The geography of export infrastructure reveals the resulting strategic alignments and competitions. With Europe keen to diversify away from Russian gas, the question is not just who owns the gas, but who can deliver it. Two primary export models have emerged, each defined by a distinct spatial logic. The first is the pipeline model, epitomized by the ambitious—and now stalled—EastMed pipeline. This 1,900 km subsea pipeline was designed to create a new energy corridor, physically connecting the gas fields of Israel and Cyprus to Crete, mainland Greece, and onto Italy. This route would have bypassed Turkey, solidifying a pro-Western energy axis. However, its immense cost, technical challenges at depths of 3km, and the Turkey-Libya maritime corridor have rendered it largely unfeasible as of 2025-2026.
The second, and currently more viable, model is centered on Egypt. Egypt possesses the region’s only Liquefied Natural Gas (LNG) terminals at Idku and Damietta. This existing infrastructure makes it the most logical geographic hub for liquefying and re-exporting Israeli and Cypriot gas globally. This spatial advantage has fostered a pragmatic alliance, with Israel already exporting significant quantities to Egypt via subsea pipeline. **This positions Cairo as the indispensable energy middleman, able to convert regional gas into a globally traded commodity, a stark contrast to the fixed, politically charged path of a pipeline.** This LNG-centric strategy offers flexibility but also concentrates the region’s export capacity in a single geography, subject to Egypt’s own domestic demand and political stability.
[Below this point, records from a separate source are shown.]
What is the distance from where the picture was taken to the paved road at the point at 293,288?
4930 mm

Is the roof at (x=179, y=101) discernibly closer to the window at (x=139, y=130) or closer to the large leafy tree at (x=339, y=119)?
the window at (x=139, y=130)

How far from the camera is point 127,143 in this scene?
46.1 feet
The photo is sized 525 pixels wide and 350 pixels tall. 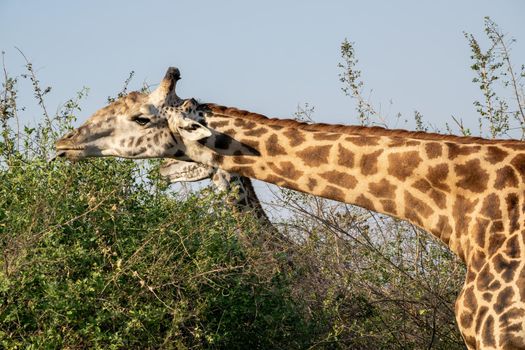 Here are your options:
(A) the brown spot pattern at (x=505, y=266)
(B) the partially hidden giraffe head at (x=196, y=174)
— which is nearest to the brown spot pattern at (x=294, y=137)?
(A) the brown spot pattern at (x=505, y=266)

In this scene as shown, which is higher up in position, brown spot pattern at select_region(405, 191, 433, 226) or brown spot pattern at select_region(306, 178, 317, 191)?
brown spot pattern at select_region(306, 178, 317, 191)

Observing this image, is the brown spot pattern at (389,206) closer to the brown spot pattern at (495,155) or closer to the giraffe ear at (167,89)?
the brown spot pattern at (495,155)

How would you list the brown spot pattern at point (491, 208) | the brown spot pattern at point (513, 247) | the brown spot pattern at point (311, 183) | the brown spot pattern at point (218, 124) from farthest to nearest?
the brown spot pattern at point (218, 124) < the brown spot pattern at point (311, 183) < the brown spot pattern at point (491, 208) < the brown spot pattern at point (513, 247)

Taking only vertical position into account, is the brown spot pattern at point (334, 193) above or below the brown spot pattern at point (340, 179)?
below

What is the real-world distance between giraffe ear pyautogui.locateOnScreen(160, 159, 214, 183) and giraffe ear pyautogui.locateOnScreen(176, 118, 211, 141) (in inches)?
61.4

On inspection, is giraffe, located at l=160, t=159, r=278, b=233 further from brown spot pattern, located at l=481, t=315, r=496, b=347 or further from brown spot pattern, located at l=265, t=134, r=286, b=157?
brown spot pattern, located at l=481, t=315, r=496, b=347

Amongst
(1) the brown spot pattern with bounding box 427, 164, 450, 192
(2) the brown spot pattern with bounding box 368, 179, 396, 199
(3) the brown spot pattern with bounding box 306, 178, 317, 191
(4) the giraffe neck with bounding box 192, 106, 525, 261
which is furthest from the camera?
(3) the brown spot pattern with bounding box 306, 178, 317, 191

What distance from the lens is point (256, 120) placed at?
27.1 ft

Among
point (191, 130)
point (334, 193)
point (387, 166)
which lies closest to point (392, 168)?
point (387, 166)

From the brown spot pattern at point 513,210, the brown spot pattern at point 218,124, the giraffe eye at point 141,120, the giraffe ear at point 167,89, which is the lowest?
the brown spot pattern at point 513,210

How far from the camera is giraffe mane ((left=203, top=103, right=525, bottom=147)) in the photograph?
301 inches

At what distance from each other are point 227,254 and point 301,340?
110 centimetres

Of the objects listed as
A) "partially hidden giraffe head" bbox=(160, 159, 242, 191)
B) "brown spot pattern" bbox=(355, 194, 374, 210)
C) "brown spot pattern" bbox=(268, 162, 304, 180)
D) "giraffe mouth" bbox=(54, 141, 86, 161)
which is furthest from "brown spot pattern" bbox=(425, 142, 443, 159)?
"partially hidden giraffe head" bbox=(160, 159, 242, 191)

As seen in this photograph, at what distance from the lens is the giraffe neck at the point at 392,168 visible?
7.34 metres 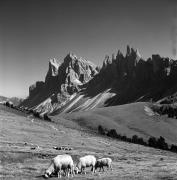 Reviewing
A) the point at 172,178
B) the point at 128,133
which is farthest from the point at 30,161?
the point at 128,133

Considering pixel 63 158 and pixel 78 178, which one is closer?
pixel 78 178

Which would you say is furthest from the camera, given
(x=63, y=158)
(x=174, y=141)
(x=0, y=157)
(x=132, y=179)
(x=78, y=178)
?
(x=174, y=141)

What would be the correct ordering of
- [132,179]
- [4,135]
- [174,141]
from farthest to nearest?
[174,141]
[4,135]
[132,179]

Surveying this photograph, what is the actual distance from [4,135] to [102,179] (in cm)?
6713

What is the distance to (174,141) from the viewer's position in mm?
197375

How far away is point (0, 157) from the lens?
51.8 m

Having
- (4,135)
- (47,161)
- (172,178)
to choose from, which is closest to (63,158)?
(172,178)

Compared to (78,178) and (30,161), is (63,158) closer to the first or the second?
(78,178)

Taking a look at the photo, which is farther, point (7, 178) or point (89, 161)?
point (89, 161)

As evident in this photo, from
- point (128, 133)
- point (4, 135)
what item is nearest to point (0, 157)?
point (4, 135)

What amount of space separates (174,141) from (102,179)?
174257mm

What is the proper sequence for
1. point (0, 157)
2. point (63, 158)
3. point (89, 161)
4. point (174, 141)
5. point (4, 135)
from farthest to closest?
1. point (174, 141)
2. point (4, 135)
3. point (0, 157)
4. point (89, 161)
5. point (63, 158)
The future map of the Eastern Mediterranean is being drawn by these energy flows. Unresolved maritime borders, such as the one between Israel and Lebanon over the Qana and Karish fields (resolved in 2022), show that diplomacy can redraw lines on the map to unlock resources. The ongoing dispute between Cyprus and Israel over the shared Aphrodite-Yishai reservoir is another example where geology forces political negotiation, with a final agreement reportedly near in early 2026. These bilateral agreements are slowly creating a de facto map of accepted claims, even as larger disputes with Turkey persist.
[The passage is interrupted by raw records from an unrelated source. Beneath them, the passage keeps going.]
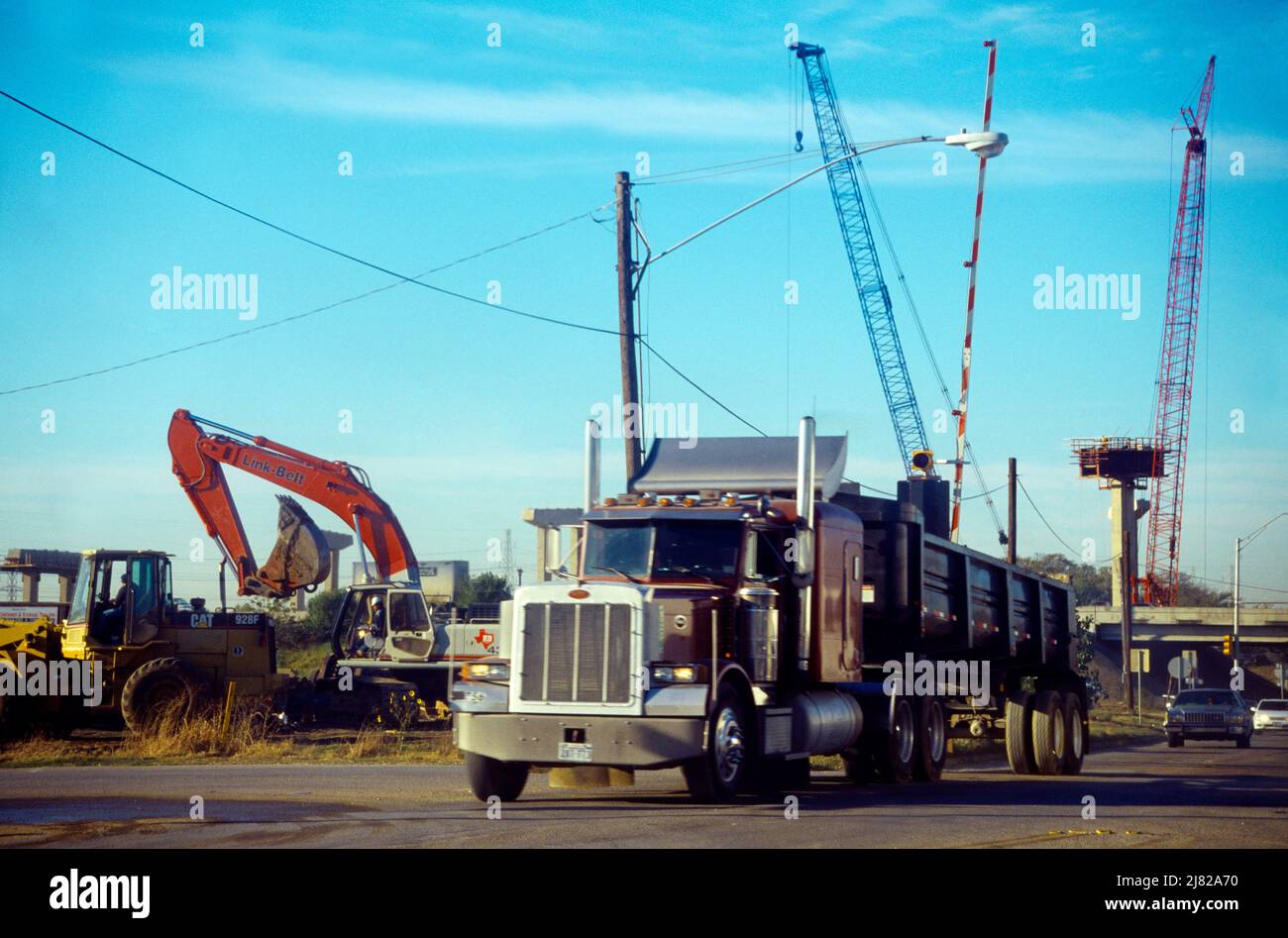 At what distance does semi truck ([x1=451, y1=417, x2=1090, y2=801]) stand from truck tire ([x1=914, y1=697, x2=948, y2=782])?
3 cm

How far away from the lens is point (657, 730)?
1355 centimetres

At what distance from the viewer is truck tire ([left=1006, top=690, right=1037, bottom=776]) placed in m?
21.8

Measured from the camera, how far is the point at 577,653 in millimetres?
13961

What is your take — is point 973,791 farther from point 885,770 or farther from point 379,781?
point 379,781

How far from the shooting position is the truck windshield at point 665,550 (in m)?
15.1

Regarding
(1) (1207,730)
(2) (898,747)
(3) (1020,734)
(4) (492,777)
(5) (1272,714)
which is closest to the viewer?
(4) (492,777)

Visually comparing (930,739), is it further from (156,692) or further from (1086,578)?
(1086,578)

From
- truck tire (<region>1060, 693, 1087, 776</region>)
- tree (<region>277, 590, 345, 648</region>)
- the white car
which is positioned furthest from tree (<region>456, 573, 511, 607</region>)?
truck tire (<region>1060, 693, 1087, 776</region>)

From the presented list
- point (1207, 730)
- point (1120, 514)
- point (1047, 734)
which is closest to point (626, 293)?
point (1047, 734)

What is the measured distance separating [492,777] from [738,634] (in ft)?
9.12

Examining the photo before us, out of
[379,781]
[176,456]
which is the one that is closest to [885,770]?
[379,781]

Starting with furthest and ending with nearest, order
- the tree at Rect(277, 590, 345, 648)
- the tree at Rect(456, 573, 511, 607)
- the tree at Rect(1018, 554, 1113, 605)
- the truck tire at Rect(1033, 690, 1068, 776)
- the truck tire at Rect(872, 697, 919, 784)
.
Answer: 1. the tree at Rect(1018, 554, 1113, 605)
2. the tree at Rect(456, 573, 511, 607)
3. the tree at Rect(277, 590, 345, 648)
4. the truck tire at Rect(1033, 690, 1068, 776)
5. the truck tire at Rect(872, 697, 919, 784)

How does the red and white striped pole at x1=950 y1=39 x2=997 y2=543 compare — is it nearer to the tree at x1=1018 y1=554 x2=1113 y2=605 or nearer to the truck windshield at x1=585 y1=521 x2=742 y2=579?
the truck windshield at x1=585 y1=521 x2=742 y2=579

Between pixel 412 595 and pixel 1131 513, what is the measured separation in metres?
74.6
The ultimate question is whether these underwater resources will fuel integration or conflict.** The establishment of the Eastern Mediterranean Gas Forum (EMGF) in 2020, which includes Egypt, Israel, Greece, Cyprus, Italy, Jordan, and the Palestinian Authority, but excludes Turkey, represents an attempt to create a formal bloc based on this new energy geography. It is a political space defined by shared economic and security interests, arrayed against what they perceive as Turkish expansionism. The coming decade will reveal whether this energy-driven alignment can create a stable and prosperous regional order or if the seabed chessboard will become a battlefield of overlapping claims, turning a source of immense wealth into a catalyst for profound instability.